Every Pavilion command is actually a plugin. The command plugin system provides easy ways to set up command arguments and the functions that actually perform the command.
Every command plugin inherits from the pavilion.commands.Command
plugin base class. Like all other Pavilion plugin classes, the __init__
method must take no arguments, and it must call the parent class's __init__
to name and document the plugin.
from pavilion import commands
class CancelCommand(commands.Command):
"""A basic command class."""
def __init__(self):
super().__init__(
name='cancel',
description='Cancel tests or series.',
short_help='Cancel a test, tests, or series.",
aliases=['kill', 'stop']
)
The name
attribute is both the name of this plugin and that users will use to call this command. The aliases
attribute takes a list of alternate names for the command.
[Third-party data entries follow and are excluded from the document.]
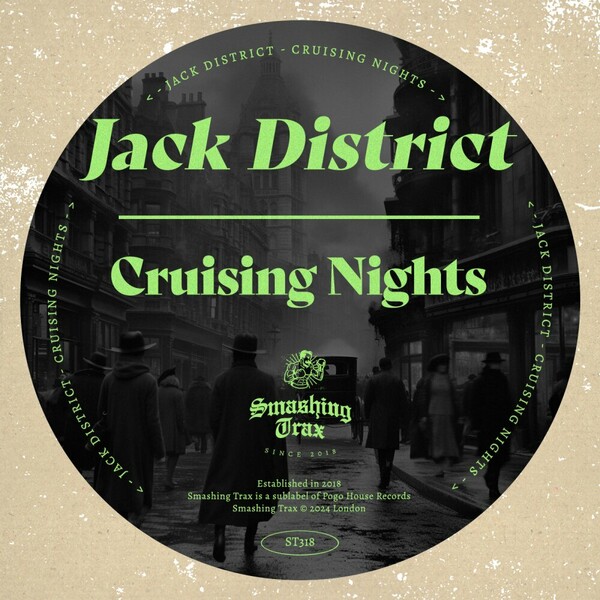 Jack District - Cruising Nights on Smashing Trax Records
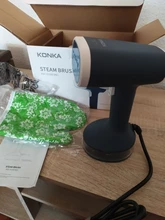 KONKA-vaporizador eléctrico de mano para ropa, limpiador de ropa para el hogar, máquina de planchado a vapor, generador de ropa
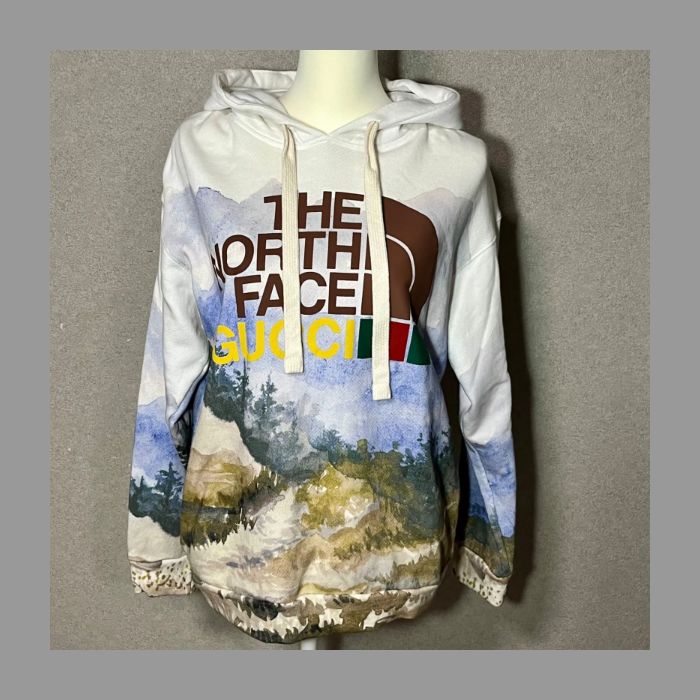 極美品】GUCCI×THE NORTH FACE ウィメンズ グッチ×ノースフェイス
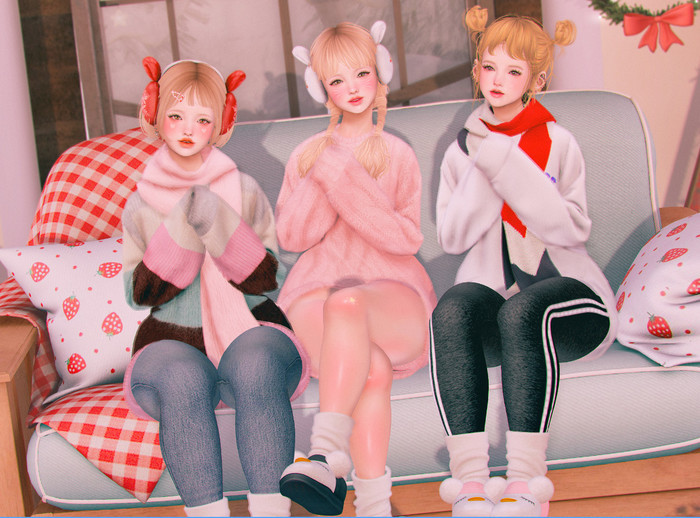 [89Hz] - Laura Outfit A BOX RARE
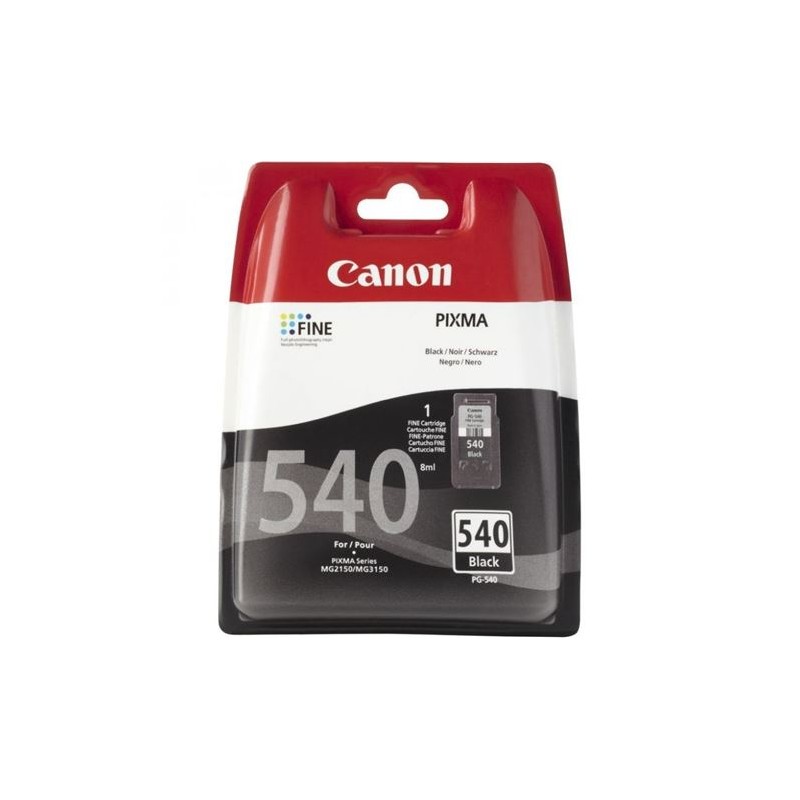 CARTUCHO DE TINTA NEGRA PG-540 CANON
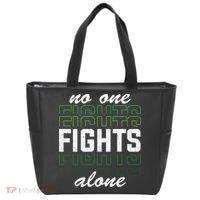 No One Fights Alone Mental Health Awareness Tote Bag thumb 0
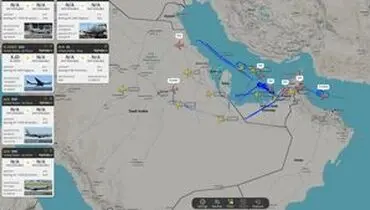امارات در تجاوز شب گذشته آمریکا به ایران همکاری کرد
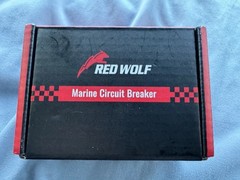 RED WOLF RWF-BXS-D30 Car Circuit Breaker 30A AMP+Manual Reset Switch OPEN BOX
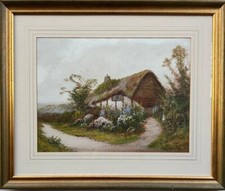 Reginald Daniel Sherrin (British, 1891-1971) : Rural Landscape, watercolour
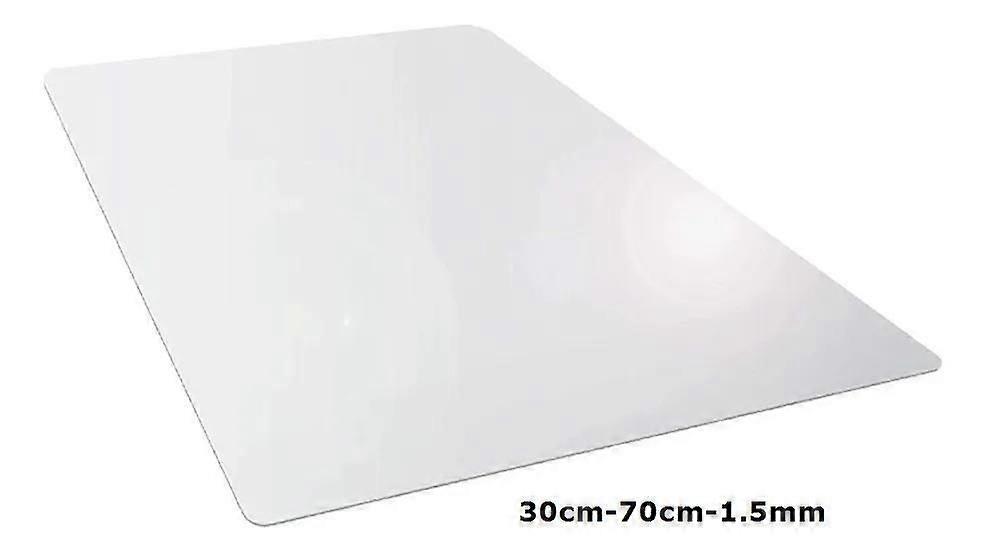 Durable, Non-Slip Transparent Desk Mouse Pad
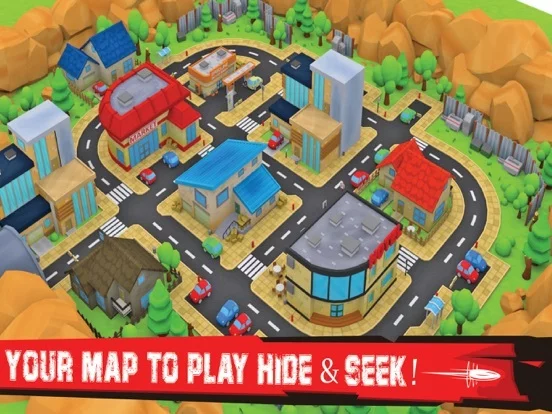 Изображение игры: Hunt Props -Mobile TPS Shooter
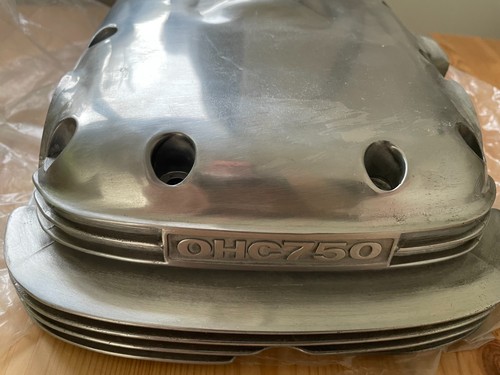 Nos yamaha tx750 cylinder - nos, head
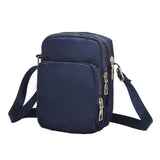 Women Crossbody Bags Zipper Mobile Phone Shoulder Bag Lady Multifunction Handbag
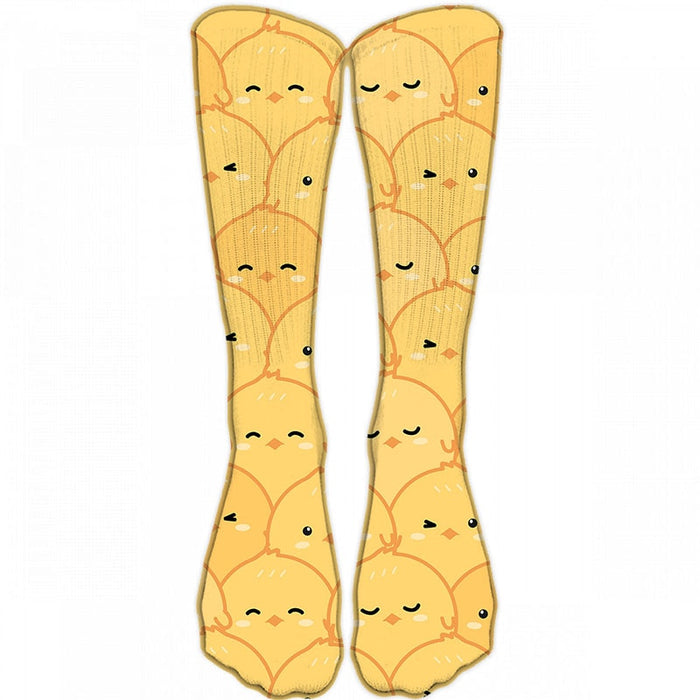 'Little Baby Chicks' Crew Socks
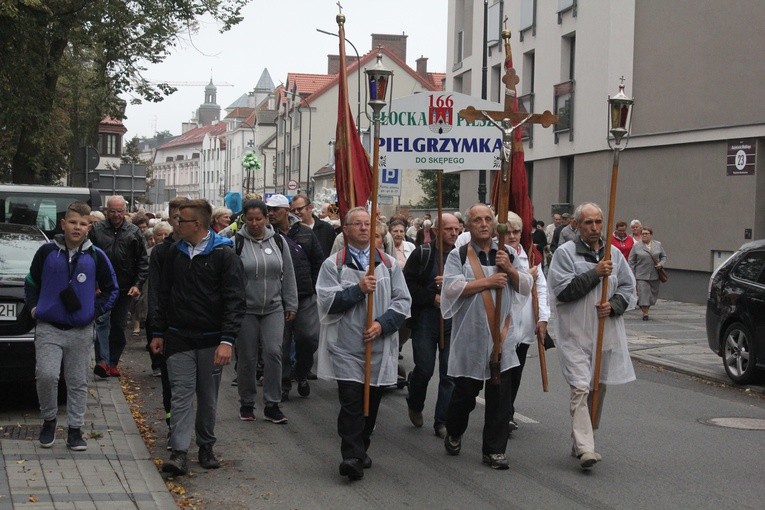 Pielgrzymka Płock - Skępe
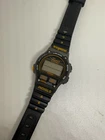 Vintage Timex Ironman Watch Women Indigo 1996 Digital Gray NEEDS BATTERY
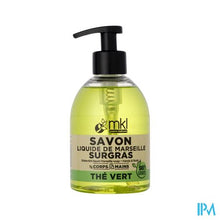 Afbeelding in Gallery-weergave laden, Mkl Overvet Vloeib.marseillezeep Groene Thee300ml
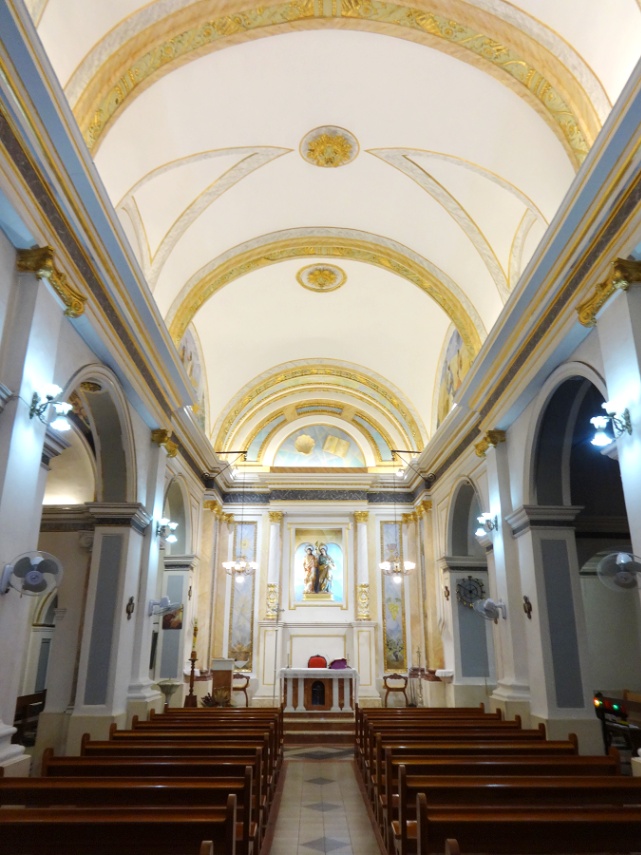 Iglesia parroquial de los Santos Juanes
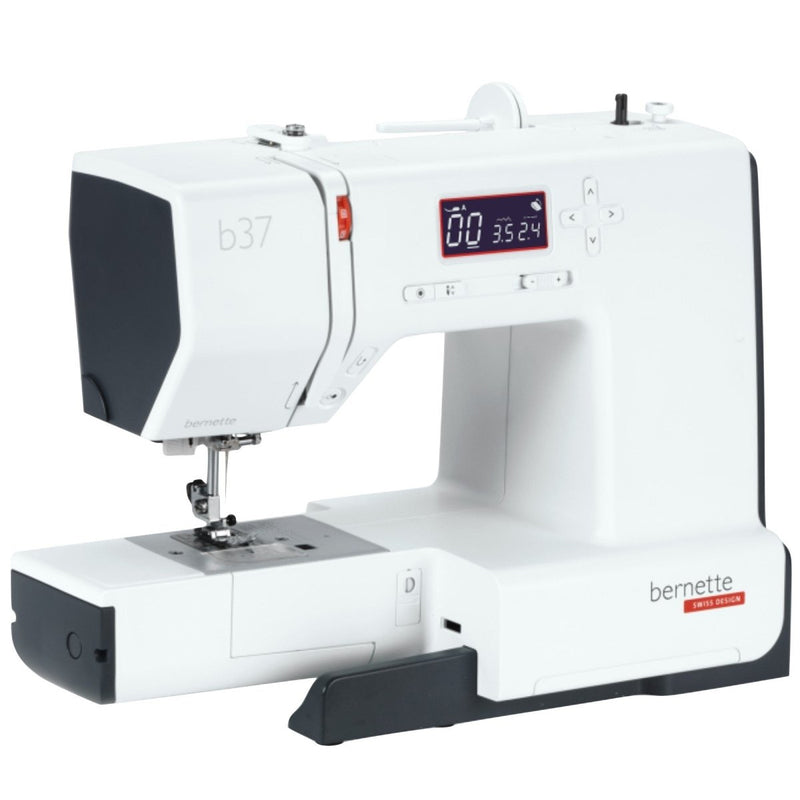 Bernette B37 Computerized Sewing Machine Bundle w/ 5 Pressure Feet - Swing Design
Given the above, all of the following are valid ways to call our example command.
$ pav cancel
$ pav kill
$ pav stop
The command description
is printed when running pav <cmd> --help
, along with the rest of the documentation in the command's arguments. The following is what is printed for the real pav cancel
command.
$ pav cancel --help
usage: pav.py cancel [-h] [-s] [-j] [tests [tests ...]]
Cancel a test, tests, or test series.
positional arguments:
tests The name(s) of the tests to cancel. These may be any mix of
test IDs and series IDs. If no value is provided, the most
recent series submitted by the user is cancelled.
optional arguments:
-h, --help show this help message and exit
-s, --status Prints status of cancelled jobs.
-j, --json Prints status of cancelled jobs in json format.
The command short_help
is printed when running pav --help
when the command is listed. If no short help is given, the command will be hidden (but still usable). Hidden commands are generally useful to call back into pavilion in generated scripts.
$ pav --help
usage: pav.py [-h] [-v]
{run,show,status,view,results,result,log,clean,_run,set_status,status_set,wait,cancel}
...
Pavilion is a framework for running tests on supercomputers.
positional arguments:
{run,show,status,view,results,result,log,clean,_run,set_status,status_set,wait,cancel}
run Setup and run a set of tests.
show Show pavilion plugin/config info.
status Get status of tests.
view Show the resolved config for a test.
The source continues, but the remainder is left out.